史実は大切2010年09月03日 23時48分50秒

職業柄、本当には知り得ないことをいかにも見てきたように書いてある本には不信感を抱きます。「これは推測だが」とでも断りがあれば、もちろんOK。後世の創作なのに同時代の証言を騙るなどというのは、まったく賛成できません。

念頭にあるのは、『アンナ・マクダレーナ・バッハの思い出』という本。学生の頃感激して読み、だまされました。「小説」とでも銘打ってくれていれば何でもないのですが、訳者からも、何の断りもありませんでした。じつに不誠実(当時)。今はもう、そんなことはないのでしょうが。

あらためてこのことを書くのは、マリーア・ヒューブナー編『アンナ・マグダレーナ・バッハ 資料が語る生涯』(春秋社)という本を手に入れて、喜んでいるからです。この本には、資料の上から本当はどこまでのことがわかるかが、最新の研究に基づいて、正確に、精密に書いてある。伊藤はに子さんの訳も第一級のものです。

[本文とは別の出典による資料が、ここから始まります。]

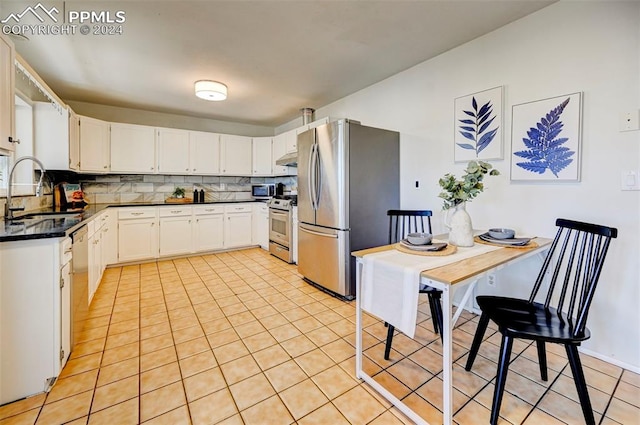 kitchen with white cabinets, appliances with stainless steel finishes, and sink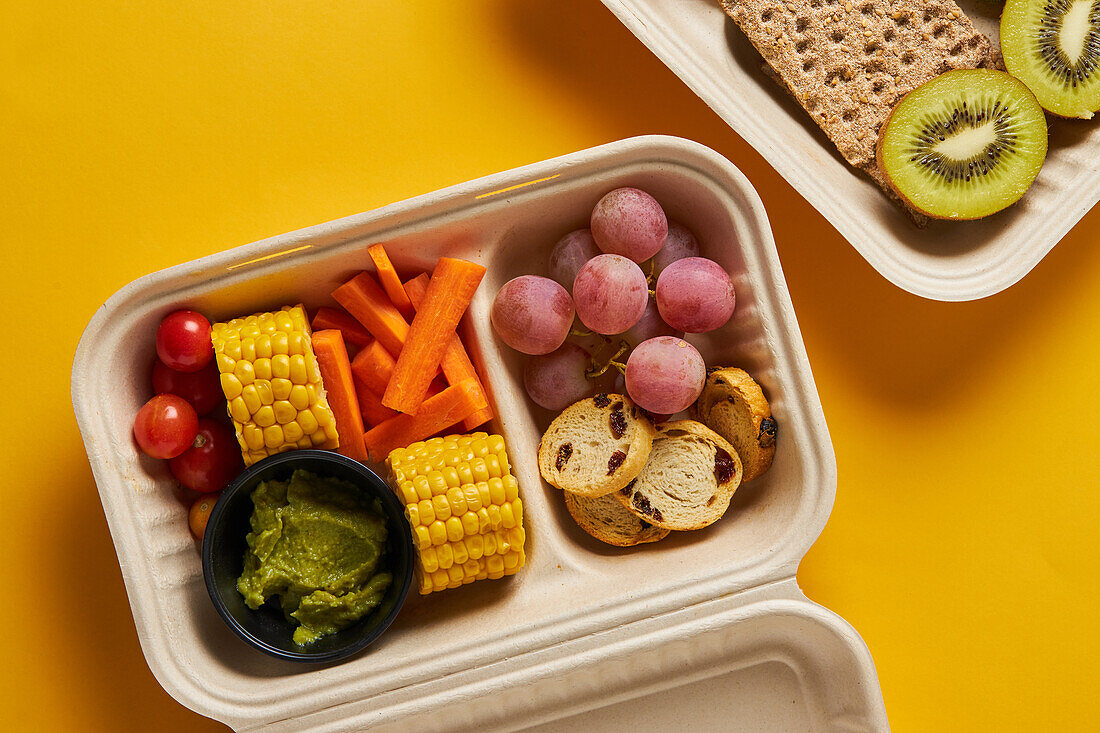 Von oben von Lunch-Boxen mit gesunden Lebensmitteln einschließlich Cracker Karotten-Sticks Trauben Kirschtomaten mit Kiwi Brokkoli Walnuss und Mandarine auf rosa Hintergrund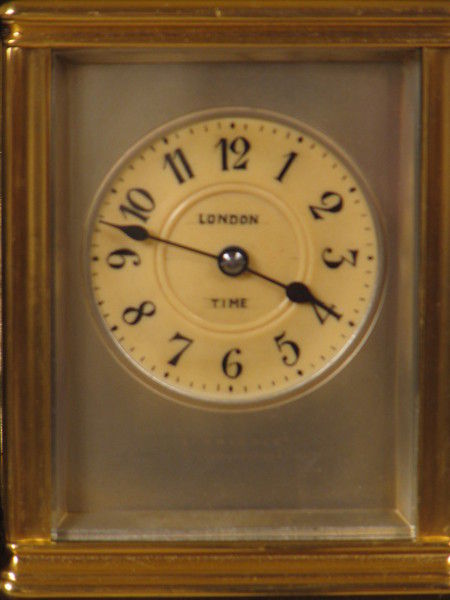 clock with dials on four sides indicating time in London,Paris, New York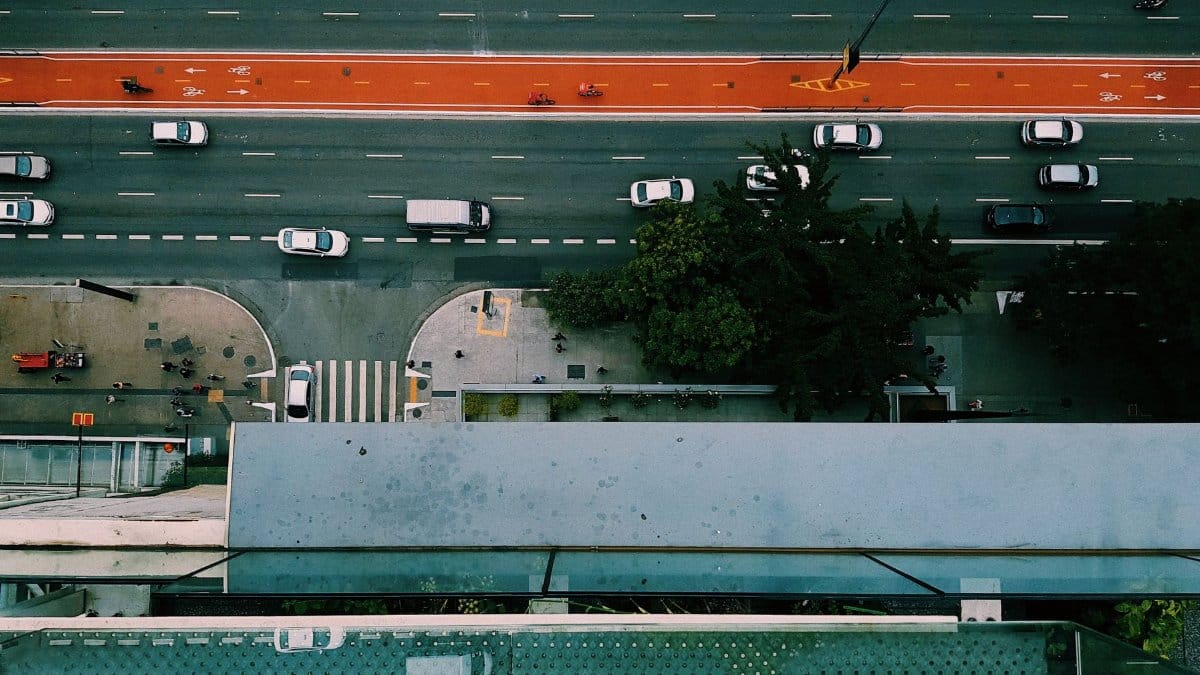 Aerial shot of an urban road with vehicles, bike lane, and pedestrians, captured from above.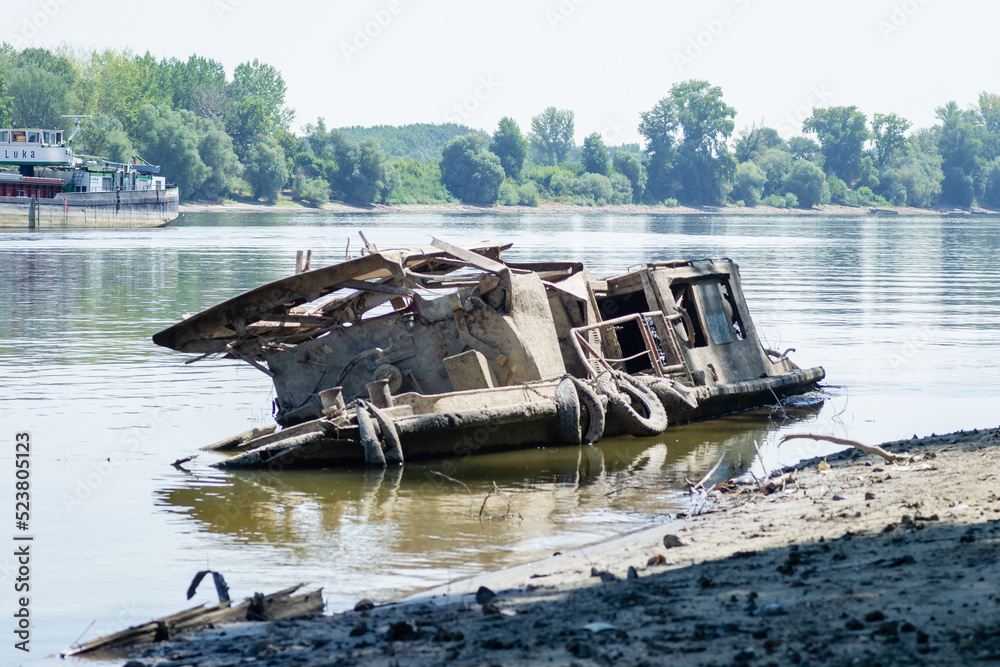 View of the Danube River. The wreck of an old fishing boat. The wreck of an old fishing boat submerged in the water of the Danube River.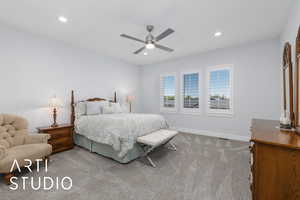 Carpeted bedroom with recessed lighting and ceiling fan
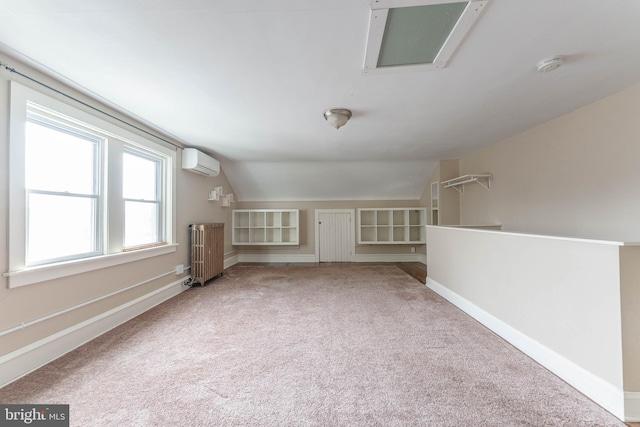 unfurnished living room with an AC wall unit, carpet floors, radiator, baseboards, and vaulted ceiling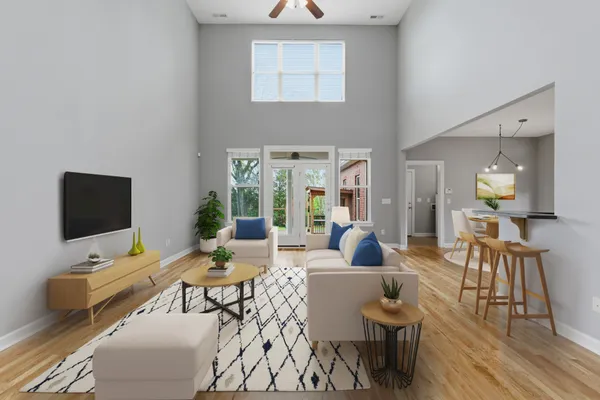 a view of a big room with wooden floor and a kitchen
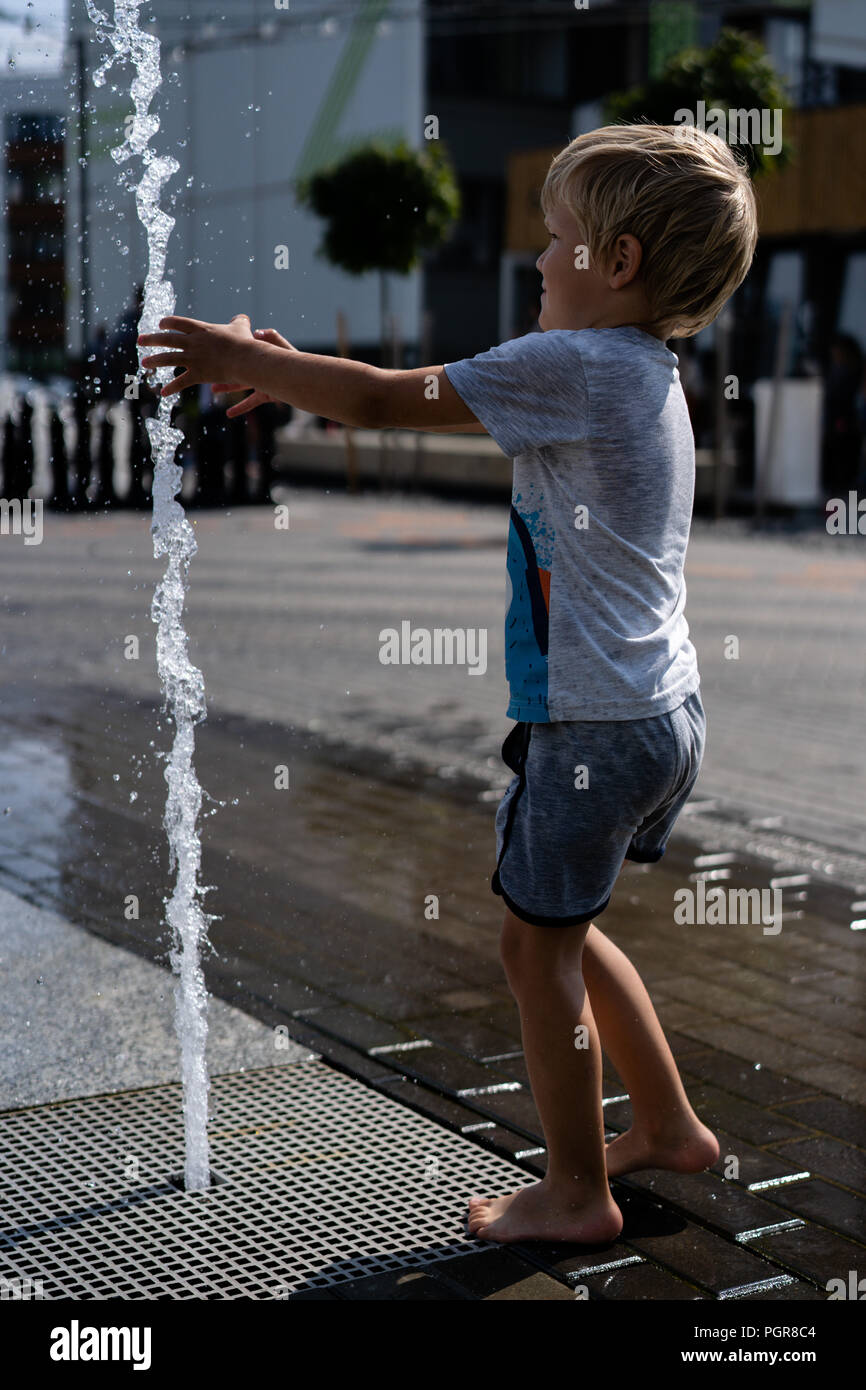 life of children in a modern city - little boy having fun with ...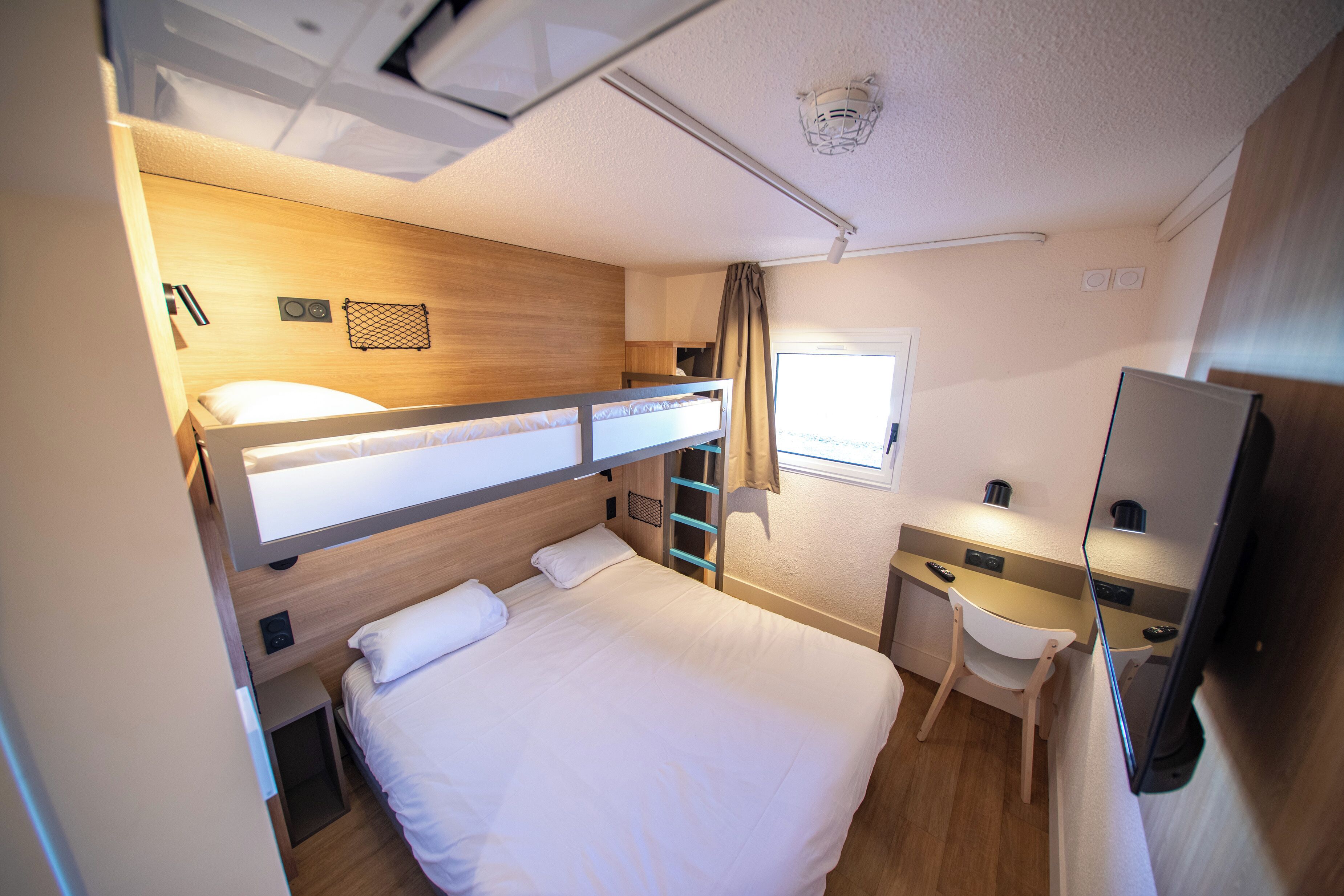 A compact hotel room with a bunk bed, a desk, a chair, and a television.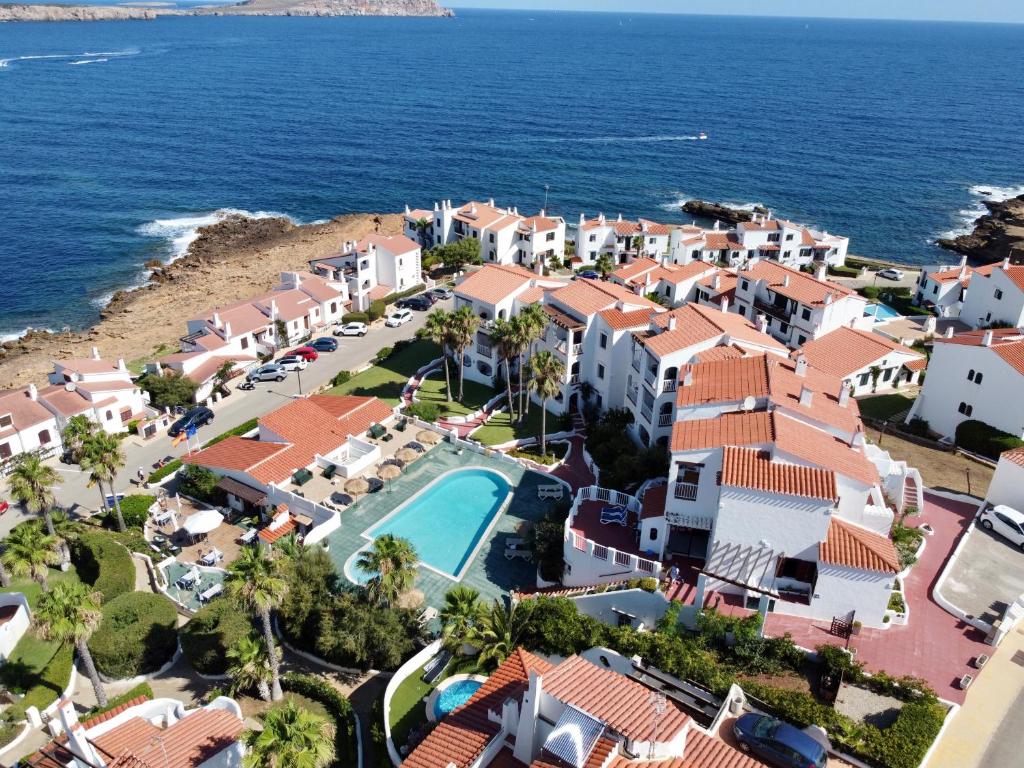 una vista aérea de un complejo y del océano en Apartamentos El Bergantin Menorca Club en Fornells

当然、内容は地味です。脚色してあった方が面白い、という見方もあるかもしれません。しかし、わかることを基礎に書けることだけを書き、推測を推測として加え、あとは読者の想像力に委ねるH-J.シュルツェのエッセイは、まことにみごと。これが学問というものです。

【付記】『思い出』(1925)の作者はエスタ-・メイネルという英国女流作家だそうです(本著より)。